Toute chose doit connaitre une fin quel que soit le rempart, le pilier ou le poteau sur lequel elle s’adosse. Seule la raison peut avoir raison des choses, des personnes et des événements. L’on ne peut éternellement durer dans un poste de surcroit quand l’amour n’y est plus. L’on pourra certes faire forcer la main pour y demeurer, mais jusqu’à quand ?
Toutes nos villes semblent frémir sous la fièvre estivale pour s’ériger en des podiums dignes d’abriter des festivals. Certes ils ont tous leurs effets aléatoirement bénéfiques ; secouer un tant soi peu l’habitude, remplir une mission d’animation et créer du remous et du mouvement.
L’on a bien connu ce genre de manifestation, avec peu de moyens et de dérisoires subsistances. L’air était alors à un festival de militantisme et d’engagement. Le bon de commande ou l’exorbitant « cachet » n’était pas encore en mise. Ni d’ailleurs ces fameux commissariats, véritables sociétés de dépenses publiques. L’on se contentait de réussir par les moyens de bord. Loin d’Alger, loin de ces ordres mercantiles.
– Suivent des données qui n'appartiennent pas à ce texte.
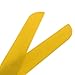 Giant Scissors Prop Plastic Scissor Novelty Gag Gift Toy Kit for Halloween Clown Costume Photo Prop - Yellow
Un festival est censé être une expression festive, organisée à époque fixe (annuellement, le plus souvent) autour d’une activité purement culturelle et artistique. Mais chez nous, et depuis quelques années la trajectoire semble avoir tenu une autre tendance qui ne se faisait qu’à coup de milliards. Trouvez-vous utile et judicieux qu’un chanteur étranger, parfois à célébrité intramuros pour une heure d’agitation reçoive l’on ne sait plus combien de milliards mais que l’on devine ?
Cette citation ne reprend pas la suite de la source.